Date of Graduation
1994
Document Type
Dissertation/Thesis
Abstract
A nonlinear 'velocity-pressure' mixed finite element formulation for three dimensional rigid-viscoplastic analysis of metal forming problems is presented. It adequately takes into account the nonlinear material behavior and the large deformations that occur during metal forming operations. A ten-noded tetrahedral finite element with a quadratic interpolation in velocity and linear interpolation in pressure is used to discretize the domain of the deforming body. The salient feature of the formulation is the enforcement of the incompressibility requirement necessitated by the use of the rigid-viscoplastic constitutive law by modifying the constitutive equation to include a pressure variable and adding an additional constraint equation to the equations of equilibrium. A Newton-Raphson procedure is adopted for iterative incremental solution of the nonlinear stiffness equations and the details of the consistent linearization procedure for obtaining a tangent stiffness matrix are provided. The Newton-Raphson algorithm requires the repeated solution of a set of linear equations with a symmetric, non-singular co-efficient matrix. A methodology is presented to render the coefficient matrix positive definite in order to use a Preconditioned Conjugate Gradients (PCG) algorithm to iteratively solve the resulting system. The algorithm is implemented utilizing an Element-By-Element (EBE) strategy so that the formation and factorization of a global stiffness matrix is avoided.

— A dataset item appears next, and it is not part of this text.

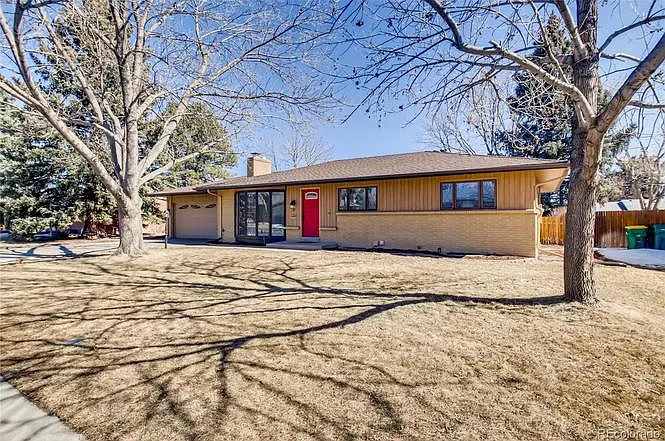 60 Cody Ct — Photo 2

The details of formulating a suitable preconditioner which approximates the global stiffness matrix are presented. Finally, the finite element formulation is applied to several benchmark problems and the solutions of the problems are presented to indicate the potential of using tetrahedral finite elements for metal forming analysis.
Recommended Citation
Rachakonda, V B., "Development of a stable tetrahedral finite element for metal forming analysis." (1994). Graduate Theses, Dissertations, and Problem Reports. 9614.